Mahkemece, uyulan bozma ilamı sonrasında, ilamında belirtildiği şekilde davanın kabulüne karar verilmiştir.
Hükmün, fer’i müdahil Kurum vekili tarafından temyiz edilmesi üzerine temyiz isteğinin süresinde olduğu anlaşıldıktan ve Tetkik Hakimi ... tarafından düzenlenen raporla dosyadaki kağıtlar okunduktan sonra işin gereği düşünüldü ve aşağıdaki karar tespit edildi.
Davacı vekili, davacının 01.11.2011 – 25.09.2012 tarihleri arasında davalı ...’e ait işyerinde çalışmasına rağmen farklı 4 adet işverenden bildirimlerinin yapıldığını, bu bildirimlerin de sahte olduğu gerekçesiyle kurum tarafından iptal edildiğini, belirtilen süredeki çalışmaların davalı yanında geçtiğinin tespitini talep etmiş, mahkemece uyulan bozma ilamı sonrasında davanın kabulüne karar verilmiştir.
Dairemizce “işverenin ... olduğunun mahkemece tespit ve kabul edilmiş olması karşısında, 6100 sayılı HMK"nın 124. maddesi uyarınca, kurum kayıtlarında 01.11.2011 – 30.09.2012 arası dönemde işveren olarak görünen işverenlere de yöntemince husumet yöneltilmeli, bu davalıların göstereceği deliller de toplandıktan sonra, tüm deliller birlikte değerlendirilerek varılacak sonuca göre bir karar verilmelidir” gerekçesiyle karar bozulmasına ve mahkemece bu bozma ilamına uyulmasına rağmen, 01.11.2011 – 30.09.2012 arası dönemde işveren olarak görünen işverenlere husumet yöneltilmeden ve göstereceği deliller toplanmaksızın önceki kararın aynısı verilmiştir.

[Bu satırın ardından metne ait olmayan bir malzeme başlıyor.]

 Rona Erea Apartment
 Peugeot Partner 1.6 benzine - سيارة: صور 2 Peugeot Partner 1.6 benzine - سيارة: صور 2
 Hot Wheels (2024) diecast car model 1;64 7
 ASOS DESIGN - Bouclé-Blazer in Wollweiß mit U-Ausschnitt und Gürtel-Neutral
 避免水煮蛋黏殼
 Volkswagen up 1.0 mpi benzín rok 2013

Mahkemenin, Yargıtay Dairesince verilen bozma kararına uyması sonunda, kendisi için o kararda gösterilen şekilde inceleme ve araştırma yaparak, yine, o kararda belirtilen hukuki esaslar gereğince hüküm verme yükümlülüğü doğar. “Usuli kazanılmış hak” olarak tanımlayacağımız bu olgu; mahkemeye, hükmüne uyduğu Yargıtay bozma kararında belirtilen çerçevede işlem yapma ve hüküm kurma zorunluluğu getirdiği gibi, mahkemenin kararını bozmuş olan Yargıtay Hukuk Dairesince; sonradan, ilk bozma kararı ile benimsemiş olduğu esaslara usuli kazanılmış hakka aykırı bir şekilde, ikinci bir bozma kararı verilememektedir (09.05.1960 gün ve 21/9 sayılı Yargıtay İçtihadı Birleştirme Kararı, Hukuk Genel Kurulu’nun 12.07.2006 gün, 2006/9-508 E., 2006/521 sayılı kararı)

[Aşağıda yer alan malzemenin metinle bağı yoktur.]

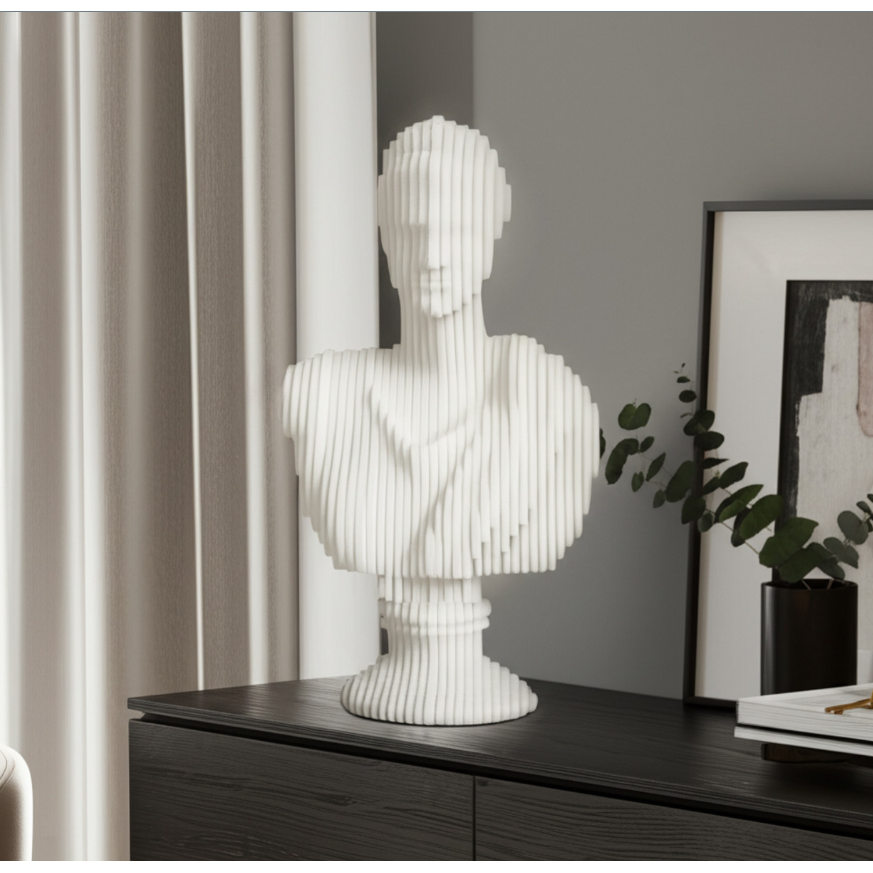 Estatua Darcy, Blanca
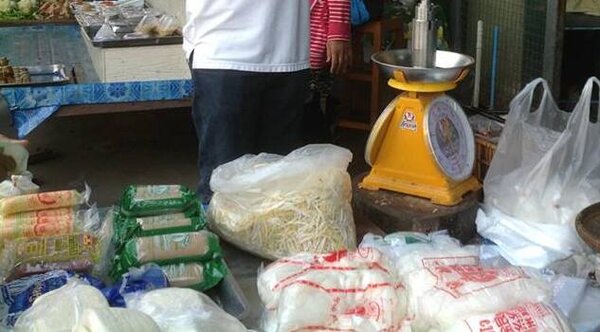 ตลาดสดเทศบาลปทุมธานี ตลาดเช้า ปทุมธานี ร้านขายเส้นก๋วยเตี๋ยว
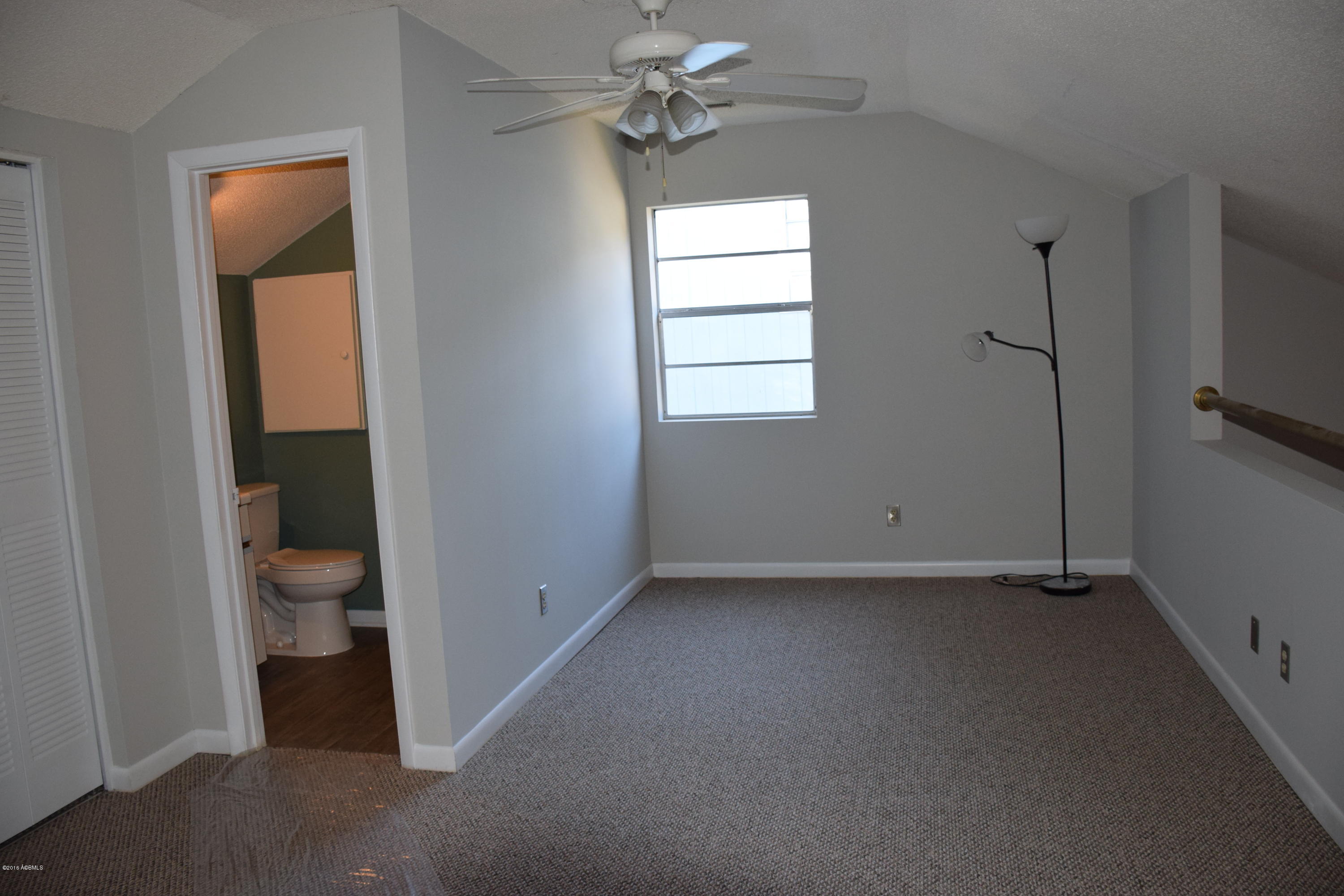 900 State Rd S-7-297, Unit H6 Beaufort, SC 29902 - Photo 6 of 11 DSC_0006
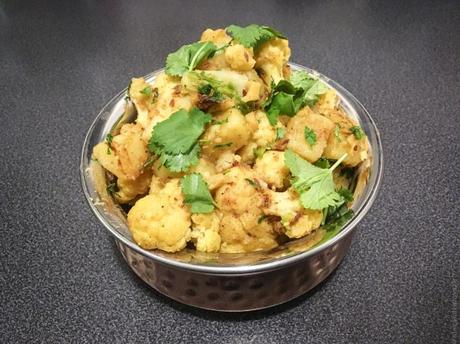 Classique indien – Aloo gobi (pommes de terre et chou-fleur en curry sec)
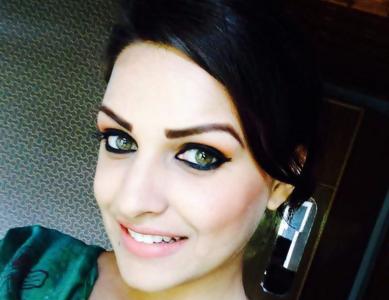 Himanshi Khurana绿色的眼睛壁纸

Bu nedenlerle, uyulan bozma ilamının gereği yerine getirilerek, 6100 sayılı HMK"nın 124. maddesi uyarınca, kurum kayıtlarında 01.11.2011 – 30.09.2012 arası dönemde işveren olarak görünen işverenlere yöntemince husumet yöneltilmeli, bu davalıların göstereceği deliller de toplandıktan sonra, tüm deliller birlikte değerlendirilerek varılacak sonuca göre bir karar verilmelidir.
Açıklanan bu maddi ve hukuki olgular göz önünde tutulmaksızın, eksik inceleme ve araştırma sonucu yazılı şekilde hüküm kurulması usul ve yasaya aykırı olup, bozma nedenidir.

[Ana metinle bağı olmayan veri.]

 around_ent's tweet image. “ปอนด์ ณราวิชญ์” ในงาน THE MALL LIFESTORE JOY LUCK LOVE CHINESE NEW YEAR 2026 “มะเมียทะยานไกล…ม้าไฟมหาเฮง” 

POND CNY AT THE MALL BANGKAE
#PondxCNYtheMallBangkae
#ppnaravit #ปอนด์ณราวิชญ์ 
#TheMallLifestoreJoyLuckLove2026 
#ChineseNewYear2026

O halde, fer’i müdahil kurum vekilinin bu yönleri amaçlayan temyiz itirazları kabul edilmeli ve sair hususlar incelenmeksizin hüküm bozulmalıdır.
SONUÇ: Temyiz edilen hükmün yukarıda açıklanan nedenlerle sair hususlar incelenmeksizin BOZULMASINA, 25.01.2021 gününde oybirliğiyle karar verildi.